### Description of the task
Transcribe the entries exactly. Omit the pictures.

### Collected data entries

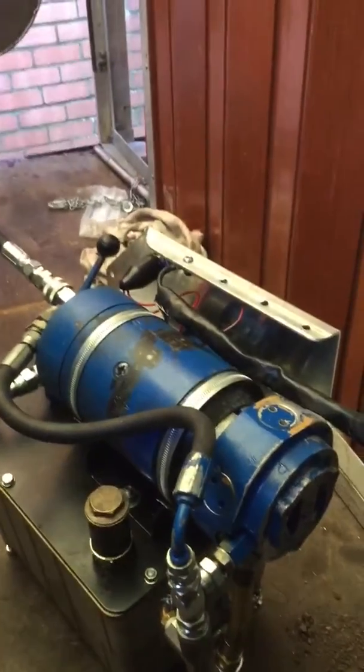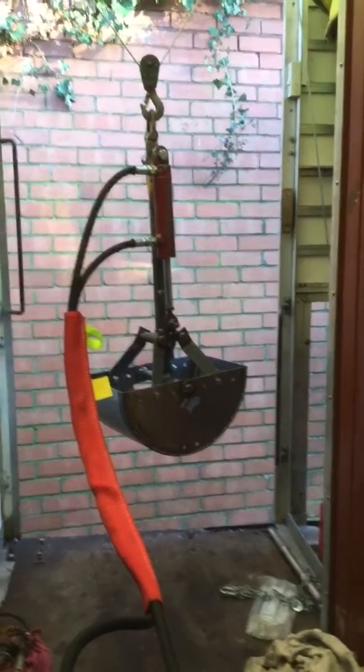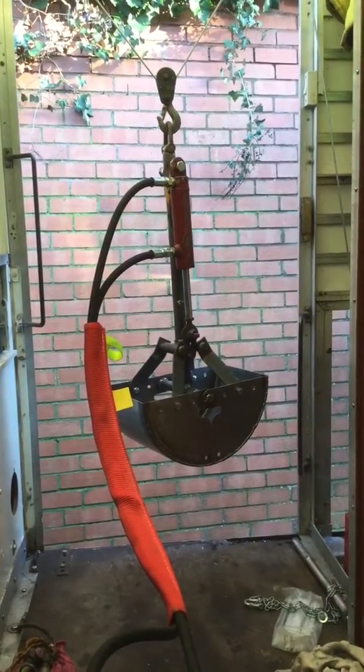It's nice to get that bit going again because it really is quite handy. With that hydraulic ram you can easily pick the van up, so that ram won't be staying on that digger bucket — it'll be coming off and doing other jobs. Thanks for watching.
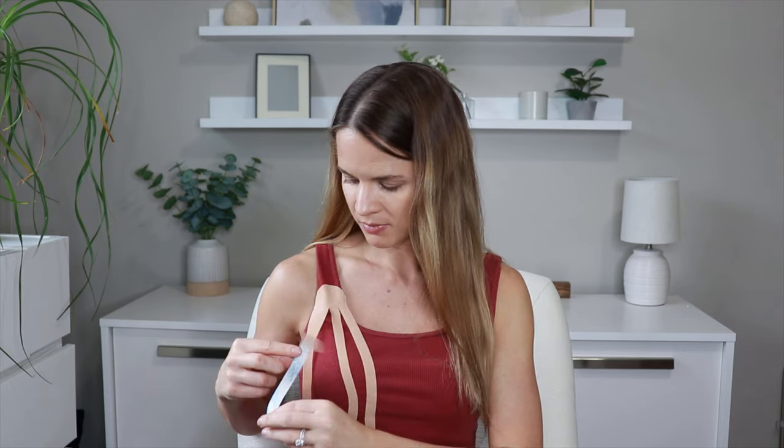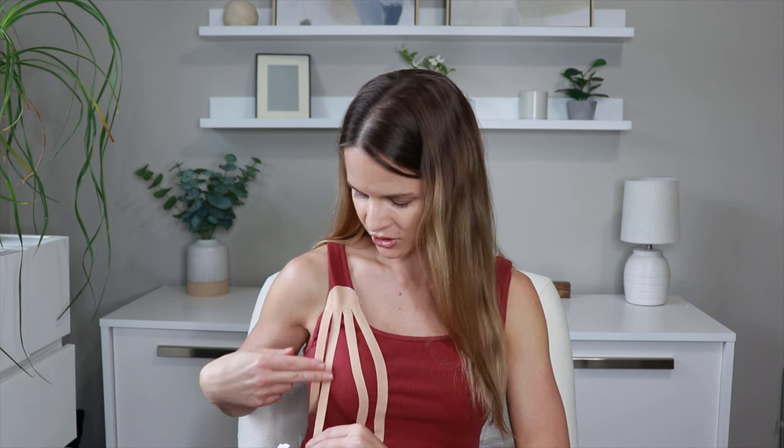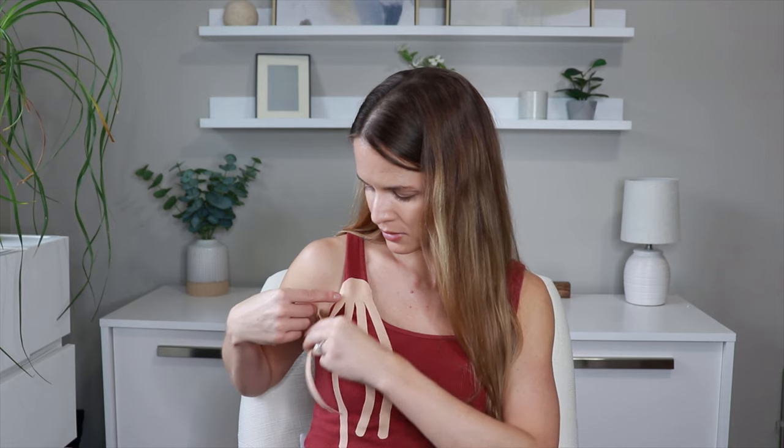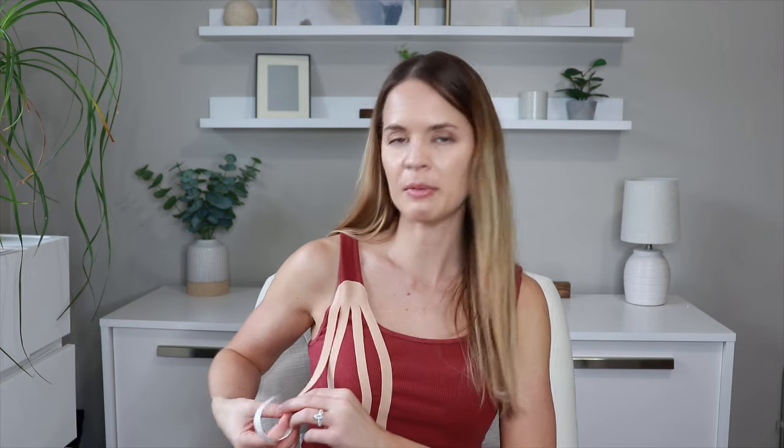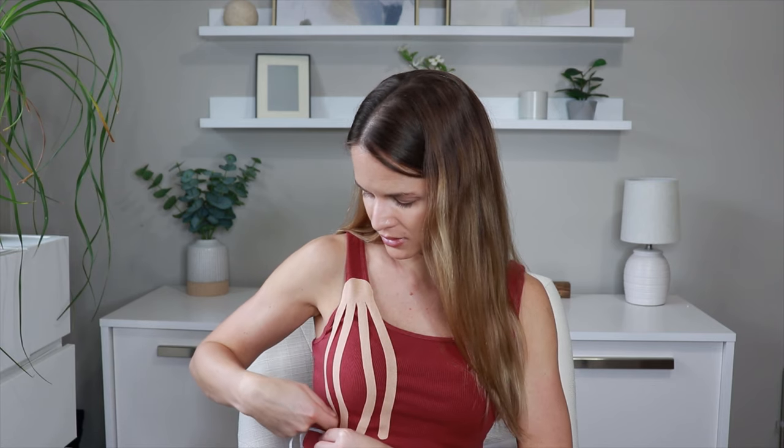Continue with the third strip: peel back, slight tension, and leave it down without tension at the end. Then the last one — a lot of people tend to hold swelling on the outer side, so come around and then leave that last little bit without tension. From there go through and rub the whole thing down to really activate the adhesive. That is a really basic general way to place kinesiology tape for a breast or chest that is swollen, for someone with a healthy lymphatic system without any lymphatic dysfunction.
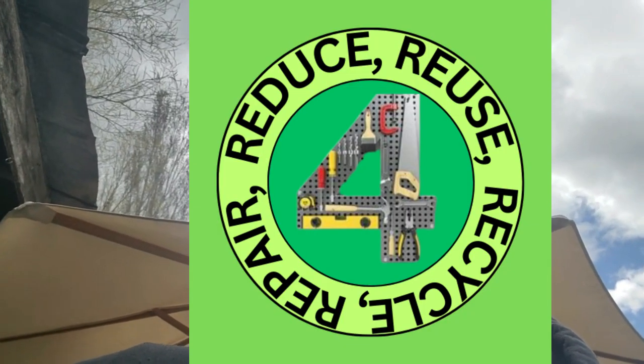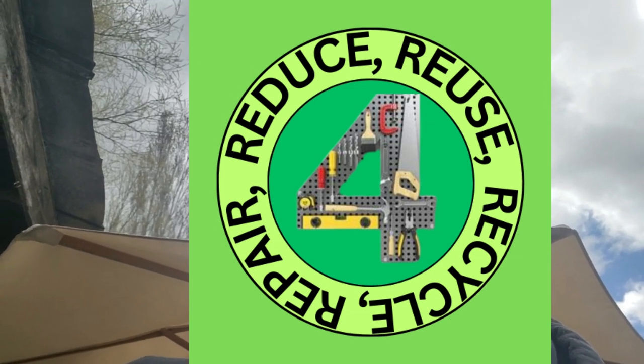Hello everybody, this is going to be a little bit of a different video. This is part of the Four R's collaboration — reduce, reuse, recycle, repair — being hosted by Dale at Nine Acre Family Farm and Blue at Blue Self-Reliance. On April 22nd it is Earth Day and there will be over 20 channels dropping videos on how they reduce, reuse, recycle, and repair.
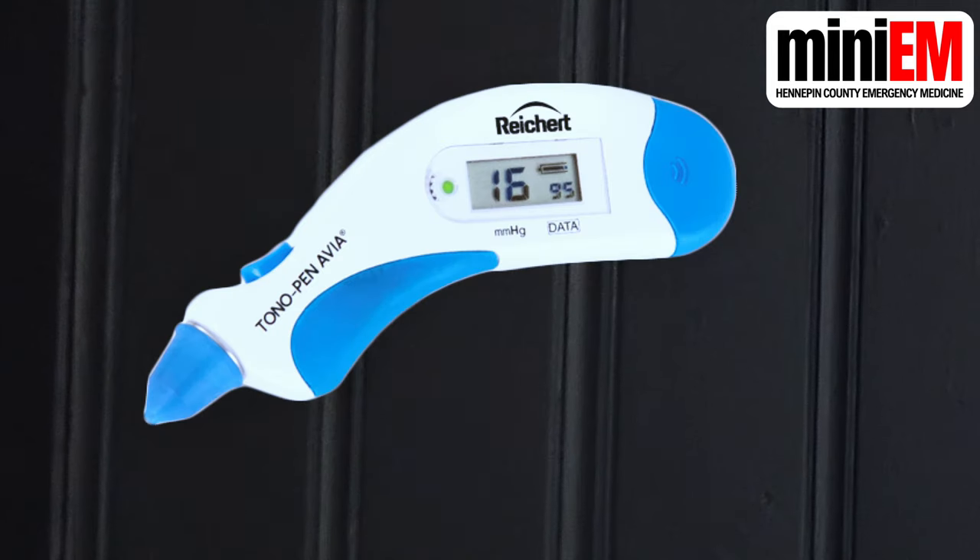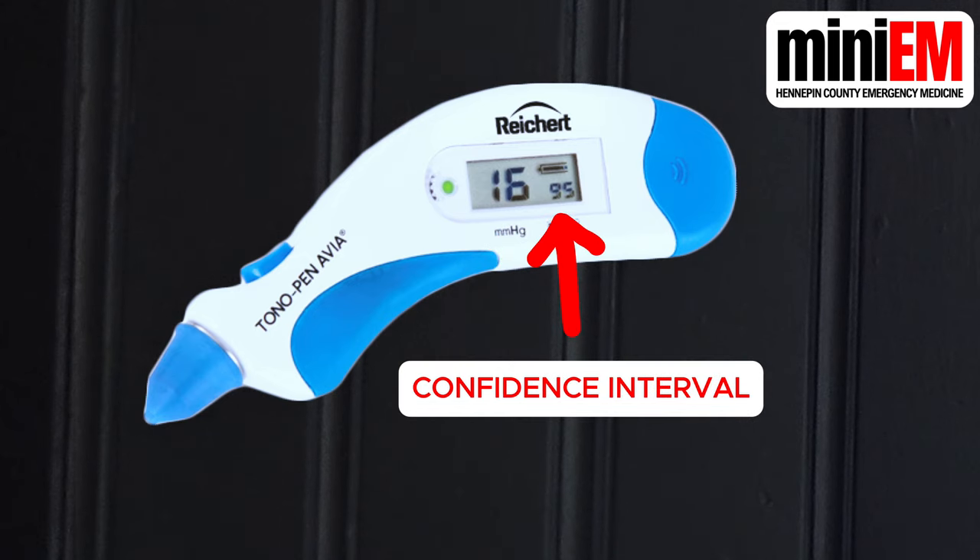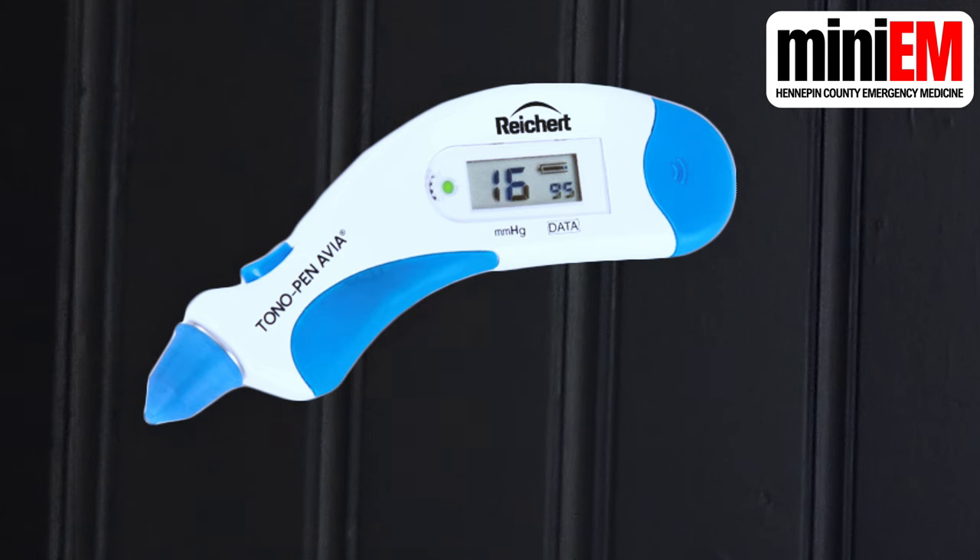Usually it takes somewhere between 6 and 10 measurements. The machine will take the average of all your measurements and display a number on the left part of the screen. The number on the right is a confidence interval for that average. You want a confidence interval that's 95% or above — if it's lower than that, you need to retake your measurements.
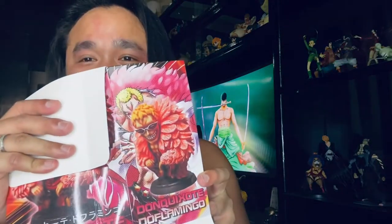I can see that they placed the Doflamingo action figure in here, which is something I'm looking forward to as well. Although it's small, you can see this is his form — let's check what this action figure looks like.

### Answer to the problem
It's nice to get that bit going again because it really is quite handy. With that hydraulic ram you can easily pick the van up, so that ram won't be staying on that digger bucket — it'll be coming off and doing other jobs. Thanks for watching.
Continue with the third strip: peel back, slight tension, and leave it down without tension at the end. Then the last one — a lot of people tend to hold swelling on the outer side, so come around and then leave that last little bit without tension. From there go through and rub the whole thing down to really activate the adhesive. That is a really basic general way to place kinesiology tape for a breast or chest that is swollen, for someone with a healthy lymphatic system without any lymphatic dysfunction.
Hello everybody, this is going to be a little bit of a different video. This is part of the Four R's collaboration — reduce, reuse, recycle, repair — being hosted by Dale at Nine Acre Family Farm and Blue at Blue Self-Reliance. On April 22nd it is Earth Day and there will be over 20 channels dropping videos on how they reduce, reuse, recycle, and repair.
Usually it takes somewhere between 6 and 10 measurements. The machine will take the average of all your measurements and display a number on the left part of the screen. The number on the right is a confidence interval for that average. You want a confidence interval that's 95% or above — if it's lower than that, you need to retake your measurements.
I can see that they placed the Doflamingo action figure in here, which is something I'm looking forward to as well. Although it's small, you can see this is his form — let's check what this action figure looks like.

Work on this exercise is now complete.